Write out, word for word, every line in the data below from the one containing "Computer Desk - 55" to the one containing "luxenhome gray mgo virgin mary garden statue", both of them included.

● ● ● ● ●

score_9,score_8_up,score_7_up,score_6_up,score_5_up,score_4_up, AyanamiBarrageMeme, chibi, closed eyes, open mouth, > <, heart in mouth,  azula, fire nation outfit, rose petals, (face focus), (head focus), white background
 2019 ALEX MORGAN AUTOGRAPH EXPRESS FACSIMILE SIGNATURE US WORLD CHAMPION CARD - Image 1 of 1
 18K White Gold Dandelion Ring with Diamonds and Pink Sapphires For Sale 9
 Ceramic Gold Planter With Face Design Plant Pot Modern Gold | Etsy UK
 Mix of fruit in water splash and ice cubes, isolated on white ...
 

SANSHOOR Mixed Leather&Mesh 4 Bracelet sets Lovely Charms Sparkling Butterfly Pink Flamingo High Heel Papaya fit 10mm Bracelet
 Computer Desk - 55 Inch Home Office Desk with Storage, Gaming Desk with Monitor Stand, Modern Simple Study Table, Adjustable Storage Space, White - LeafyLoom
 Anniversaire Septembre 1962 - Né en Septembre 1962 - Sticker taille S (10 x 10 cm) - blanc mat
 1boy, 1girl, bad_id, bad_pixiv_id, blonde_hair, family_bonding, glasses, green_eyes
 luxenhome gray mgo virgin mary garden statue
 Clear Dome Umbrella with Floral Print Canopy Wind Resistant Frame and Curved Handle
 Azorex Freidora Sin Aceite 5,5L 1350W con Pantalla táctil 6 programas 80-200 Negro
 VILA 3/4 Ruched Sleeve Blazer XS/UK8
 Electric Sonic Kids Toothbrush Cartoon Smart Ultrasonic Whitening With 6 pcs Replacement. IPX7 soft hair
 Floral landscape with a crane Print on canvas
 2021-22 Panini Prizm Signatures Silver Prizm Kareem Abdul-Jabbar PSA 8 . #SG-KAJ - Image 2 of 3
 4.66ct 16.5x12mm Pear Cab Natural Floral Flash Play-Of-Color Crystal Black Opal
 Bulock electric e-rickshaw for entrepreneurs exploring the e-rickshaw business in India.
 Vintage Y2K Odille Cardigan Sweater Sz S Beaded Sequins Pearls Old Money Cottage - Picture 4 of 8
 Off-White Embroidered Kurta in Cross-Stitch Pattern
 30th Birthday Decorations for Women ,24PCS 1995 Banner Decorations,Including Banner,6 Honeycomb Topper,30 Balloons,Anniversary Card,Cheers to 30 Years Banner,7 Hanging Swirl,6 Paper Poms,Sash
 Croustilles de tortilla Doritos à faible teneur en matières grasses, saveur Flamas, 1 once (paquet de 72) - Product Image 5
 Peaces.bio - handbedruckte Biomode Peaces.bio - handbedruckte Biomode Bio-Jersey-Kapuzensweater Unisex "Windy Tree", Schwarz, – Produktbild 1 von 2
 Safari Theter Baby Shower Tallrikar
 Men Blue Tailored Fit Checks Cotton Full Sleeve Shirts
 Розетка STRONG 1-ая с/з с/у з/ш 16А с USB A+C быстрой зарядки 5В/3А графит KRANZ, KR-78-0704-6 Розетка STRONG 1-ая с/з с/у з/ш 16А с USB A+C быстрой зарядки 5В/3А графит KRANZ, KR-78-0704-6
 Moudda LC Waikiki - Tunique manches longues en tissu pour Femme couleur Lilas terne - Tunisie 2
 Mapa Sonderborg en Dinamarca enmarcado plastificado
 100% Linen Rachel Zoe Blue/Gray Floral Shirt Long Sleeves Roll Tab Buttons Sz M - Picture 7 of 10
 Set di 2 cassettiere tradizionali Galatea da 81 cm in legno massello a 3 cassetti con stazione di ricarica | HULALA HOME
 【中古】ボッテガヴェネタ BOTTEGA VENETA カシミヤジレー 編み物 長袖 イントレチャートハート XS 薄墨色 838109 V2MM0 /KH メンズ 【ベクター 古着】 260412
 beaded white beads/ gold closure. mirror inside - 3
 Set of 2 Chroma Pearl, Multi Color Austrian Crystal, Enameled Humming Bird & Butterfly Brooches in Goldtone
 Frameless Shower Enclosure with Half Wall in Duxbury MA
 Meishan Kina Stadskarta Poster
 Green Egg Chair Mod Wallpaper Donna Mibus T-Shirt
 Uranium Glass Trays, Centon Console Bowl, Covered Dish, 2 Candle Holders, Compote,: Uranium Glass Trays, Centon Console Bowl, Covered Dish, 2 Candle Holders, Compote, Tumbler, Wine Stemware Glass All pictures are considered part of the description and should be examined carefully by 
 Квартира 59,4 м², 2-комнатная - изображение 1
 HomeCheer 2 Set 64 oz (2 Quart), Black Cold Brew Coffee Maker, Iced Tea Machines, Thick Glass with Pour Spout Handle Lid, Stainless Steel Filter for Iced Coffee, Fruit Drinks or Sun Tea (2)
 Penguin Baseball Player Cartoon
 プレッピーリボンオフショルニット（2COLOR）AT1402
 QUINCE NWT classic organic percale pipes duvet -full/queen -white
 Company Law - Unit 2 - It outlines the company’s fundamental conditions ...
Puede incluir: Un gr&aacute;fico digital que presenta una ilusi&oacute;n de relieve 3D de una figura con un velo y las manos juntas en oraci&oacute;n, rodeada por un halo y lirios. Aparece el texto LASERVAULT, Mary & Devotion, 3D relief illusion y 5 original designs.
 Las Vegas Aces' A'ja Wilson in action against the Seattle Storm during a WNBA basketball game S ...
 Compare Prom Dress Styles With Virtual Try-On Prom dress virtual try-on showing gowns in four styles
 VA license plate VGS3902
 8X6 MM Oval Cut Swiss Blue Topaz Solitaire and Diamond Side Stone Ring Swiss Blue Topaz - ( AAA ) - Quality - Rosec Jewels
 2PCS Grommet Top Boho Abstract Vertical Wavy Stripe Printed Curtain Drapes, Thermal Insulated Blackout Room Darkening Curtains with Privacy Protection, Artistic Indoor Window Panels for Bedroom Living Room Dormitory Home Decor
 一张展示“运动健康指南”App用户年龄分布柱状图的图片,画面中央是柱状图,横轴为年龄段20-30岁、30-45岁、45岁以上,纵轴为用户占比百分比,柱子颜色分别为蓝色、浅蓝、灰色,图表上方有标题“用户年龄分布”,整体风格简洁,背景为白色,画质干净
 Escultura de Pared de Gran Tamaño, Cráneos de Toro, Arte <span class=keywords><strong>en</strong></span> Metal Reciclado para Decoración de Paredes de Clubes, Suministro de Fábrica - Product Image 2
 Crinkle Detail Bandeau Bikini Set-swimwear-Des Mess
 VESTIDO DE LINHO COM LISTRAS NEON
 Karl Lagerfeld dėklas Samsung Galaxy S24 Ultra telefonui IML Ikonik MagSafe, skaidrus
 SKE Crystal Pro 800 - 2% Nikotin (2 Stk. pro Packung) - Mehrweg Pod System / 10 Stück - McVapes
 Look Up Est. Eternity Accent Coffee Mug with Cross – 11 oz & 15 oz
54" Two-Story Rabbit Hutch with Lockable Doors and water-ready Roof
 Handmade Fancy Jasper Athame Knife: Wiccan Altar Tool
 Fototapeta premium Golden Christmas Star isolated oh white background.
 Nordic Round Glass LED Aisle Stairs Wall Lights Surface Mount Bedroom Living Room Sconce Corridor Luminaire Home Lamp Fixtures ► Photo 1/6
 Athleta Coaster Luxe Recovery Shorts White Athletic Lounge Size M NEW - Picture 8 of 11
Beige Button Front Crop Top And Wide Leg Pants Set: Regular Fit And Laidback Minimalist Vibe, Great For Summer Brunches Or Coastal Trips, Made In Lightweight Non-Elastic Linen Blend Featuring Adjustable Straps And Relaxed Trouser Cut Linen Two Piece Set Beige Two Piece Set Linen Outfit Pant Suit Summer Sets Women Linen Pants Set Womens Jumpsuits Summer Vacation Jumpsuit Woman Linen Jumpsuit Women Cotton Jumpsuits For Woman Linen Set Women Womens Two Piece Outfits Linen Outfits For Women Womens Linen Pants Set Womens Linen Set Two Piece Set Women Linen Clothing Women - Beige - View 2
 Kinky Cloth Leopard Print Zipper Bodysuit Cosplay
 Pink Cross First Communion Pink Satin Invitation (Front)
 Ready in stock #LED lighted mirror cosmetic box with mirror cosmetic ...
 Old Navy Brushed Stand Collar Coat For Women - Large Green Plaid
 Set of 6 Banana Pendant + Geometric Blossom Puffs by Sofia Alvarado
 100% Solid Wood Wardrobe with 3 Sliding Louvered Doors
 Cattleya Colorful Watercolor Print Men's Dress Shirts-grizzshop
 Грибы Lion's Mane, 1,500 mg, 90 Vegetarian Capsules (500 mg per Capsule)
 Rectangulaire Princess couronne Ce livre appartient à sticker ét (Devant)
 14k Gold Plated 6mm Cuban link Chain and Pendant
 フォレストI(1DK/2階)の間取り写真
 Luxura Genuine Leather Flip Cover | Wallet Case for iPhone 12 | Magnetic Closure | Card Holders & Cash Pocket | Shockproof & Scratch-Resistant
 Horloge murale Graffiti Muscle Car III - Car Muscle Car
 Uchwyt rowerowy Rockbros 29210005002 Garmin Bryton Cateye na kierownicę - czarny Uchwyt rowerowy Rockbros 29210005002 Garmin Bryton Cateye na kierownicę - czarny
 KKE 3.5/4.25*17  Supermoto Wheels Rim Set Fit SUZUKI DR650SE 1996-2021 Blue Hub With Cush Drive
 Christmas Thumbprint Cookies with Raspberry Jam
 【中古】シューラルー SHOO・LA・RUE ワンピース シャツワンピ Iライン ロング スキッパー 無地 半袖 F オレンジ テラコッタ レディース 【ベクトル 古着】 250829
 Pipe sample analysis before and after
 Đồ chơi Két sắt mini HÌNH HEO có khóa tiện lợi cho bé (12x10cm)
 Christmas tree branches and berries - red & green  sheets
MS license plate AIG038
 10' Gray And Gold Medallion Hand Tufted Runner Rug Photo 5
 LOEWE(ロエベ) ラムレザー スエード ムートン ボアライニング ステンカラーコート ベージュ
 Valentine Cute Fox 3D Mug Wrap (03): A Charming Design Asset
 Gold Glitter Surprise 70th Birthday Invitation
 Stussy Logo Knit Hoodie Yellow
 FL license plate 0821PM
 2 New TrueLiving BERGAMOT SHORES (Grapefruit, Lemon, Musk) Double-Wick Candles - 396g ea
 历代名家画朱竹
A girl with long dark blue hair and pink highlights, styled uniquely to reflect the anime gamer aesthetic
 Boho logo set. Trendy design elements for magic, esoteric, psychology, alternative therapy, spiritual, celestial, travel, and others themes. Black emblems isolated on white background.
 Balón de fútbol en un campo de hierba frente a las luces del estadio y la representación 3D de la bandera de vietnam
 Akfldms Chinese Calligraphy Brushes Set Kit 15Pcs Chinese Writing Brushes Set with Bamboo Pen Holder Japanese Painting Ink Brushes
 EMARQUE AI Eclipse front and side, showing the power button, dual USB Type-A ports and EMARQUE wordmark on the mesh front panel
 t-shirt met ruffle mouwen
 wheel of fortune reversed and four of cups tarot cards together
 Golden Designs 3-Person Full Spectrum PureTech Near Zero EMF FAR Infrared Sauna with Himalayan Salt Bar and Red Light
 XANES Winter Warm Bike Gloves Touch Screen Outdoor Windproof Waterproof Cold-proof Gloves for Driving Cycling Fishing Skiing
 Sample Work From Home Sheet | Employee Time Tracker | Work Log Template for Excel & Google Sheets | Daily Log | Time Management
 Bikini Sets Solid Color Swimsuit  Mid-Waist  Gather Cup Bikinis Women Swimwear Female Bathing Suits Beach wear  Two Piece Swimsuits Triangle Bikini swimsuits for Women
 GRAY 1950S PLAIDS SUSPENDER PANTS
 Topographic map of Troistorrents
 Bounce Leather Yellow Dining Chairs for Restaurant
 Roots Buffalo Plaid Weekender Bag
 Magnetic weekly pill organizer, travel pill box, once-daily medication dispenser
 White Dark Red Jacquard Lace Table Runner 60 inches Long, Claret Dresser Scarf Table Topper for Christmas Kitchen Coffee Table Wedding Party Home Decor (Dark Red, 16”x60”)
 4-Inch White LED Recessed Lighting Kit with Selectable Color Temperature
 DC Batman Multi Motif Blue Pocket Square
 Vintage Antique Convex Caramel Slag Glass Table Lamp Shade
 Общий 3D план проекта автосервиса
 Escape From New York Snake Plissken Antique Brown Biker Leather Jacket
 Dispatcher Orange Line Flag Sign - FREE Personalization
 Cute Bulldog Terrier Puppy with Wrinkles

● ● ● ● ●

• **Response below**:
 Computer Desk - 55 Inch Home Office Desk with Storage, Gaming Desk with Monitor Stand, Modern Simple Study Table, Adjustable Storage Space, White - LeafyLoom
 Anniversaire Septembre 1962 - Né en Septembre 1962 - Sticker taille S (10 x 10 cm) - blanc mat
 1boy, 1girl, bad_id, bad_pixiv_id, blonde_hair, family_bonding, glasses, green_eyes
 luxenhome gray mgo virgin mary garden statue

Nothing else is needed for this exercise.